Best first artifacts:

  • demo/openclaw-failure-report.html
  • assets/failure-report-approved.png
  • assets/demo.gif

Agent Black Box failure report

It is built for people working with coding agents, tool-using assistants, MCP workflows, shell-executing automations, and long-running agent sessions that are too powerful to debug with plain chat transcripts.

Why this exists

AI agents behave like systems, but most teams still debug them like chat logs.

That is the gap.

When an agent run goes wrong, people usually want answers to questions like:

  • what actually happened?
  • which step caused the failure?
  • what changed between the bad run and the good run?
  • which command, tool call, or prompt introduced the problem?
  • what can I share with someone else without leaking secrets?
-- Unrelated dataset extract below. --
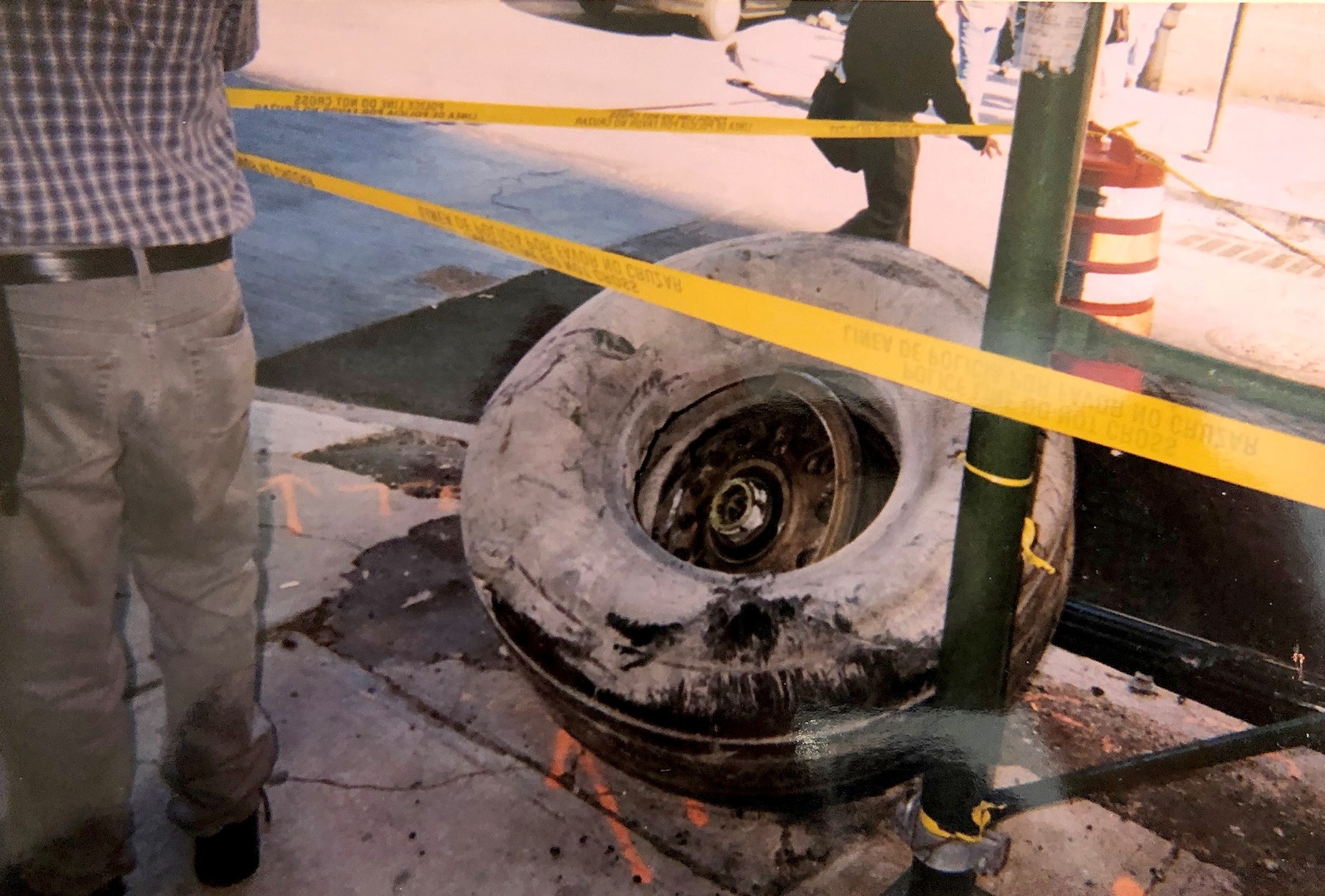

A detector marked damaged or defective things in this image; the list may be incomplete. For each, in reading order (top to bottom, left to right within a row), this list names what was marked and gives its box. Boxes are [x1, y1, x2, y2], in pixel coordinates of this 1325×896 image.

charred rubber tire [461, 234, 1071, 805]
Most current tooling is weak at that.

Agent Black Box is meant to be the missing operational layer.

What it does today

Current MVP features:

  • ingest generic JSONL traces
  • ingest real OpenClaw session JSONL traces and legacy OpenClaw-style example JSONL
  • render a timeline of a run
  • compare runs with raw event diff or focused diff summary modes
  • export an incident-style markdown summary
  • generate static HTML reports
  • filter events by kind
  • redact common secret-bearing fields
  • write output to files for sharing

Quick demo

If you only look at one thing, look at the HTML report below. That is the closest thing to the product's actual wedge right now.

Flagship artifact

The most product-like demo surface right now is the static HTML failure report:

  • demo/openclaw-failure-report.html

It is a compact black-box record of an agent hitting a failing pytest run and surfacing the error path cleanly.

Timeline

uv run --python 3.11 python -m agent_black_box.cli timeline examples/sample_trace.jsonl --redact --banner

Diff two runs

uv run --python 3.11 python -m agent_black_box.cli diff examples/sample_trace.jsonl examples/sample_trace_fixed.jsonl
uv run --python 3.11 python -m agent_black_box.cli diff examples/sample_trace.jsonl examples/sample_trace_fixed.jsonl --focus

Export incident summary

uv run --python 3.11 python -m agent_black_box.cli summary examples/sample_trace.jsonl --redact --output incident.md

Generate a static HTML report

uv run --python 3.11 python -m agent_black_box.cli report demo/openclaw-failure-trace.jsonl --format openclaw-jsonl --compact --redact --output report.html

Parse an OpenClaw-flavored trace

uv run --python 3.11 python -m agent_black_box.cli timeline examples/openclaw_trace.jsonl --format openclaw-jsonl

Parse a real OpenClaw session

uv run --python 3.11 python -m agent_black_box.cli timeline ~/.openclaw/agents/main/sessions/<session>.jsonl --format openclaw-jsonl --compact
uv run --python 3.11 python -m agent_black_box.cli summary ~/.openclaw/agents/main/sessions/<session>.jsonl --format openclaw-jsonl --compact --output incident.md
uv run --python 3.11 python -m agent_black_box.cli diff ~/.openclaw/agents/main/sessions/<run-a>.jsonl ~/.openclaw/agents/main/sessions/<run-b>.jsonl --format openclaw-jsonl --compact --focus
./scripts/demo-gif-sequence.sh

OpenClaw support

Agent Black Box supports both:

  • legacy OpenClaw-style example JSONL traces
  • real OpenClaw session JSONL traces

For public demo purposes, the cleanest artifact set is the failure-case path below because it is easier to share without exposing environment-specific operational details.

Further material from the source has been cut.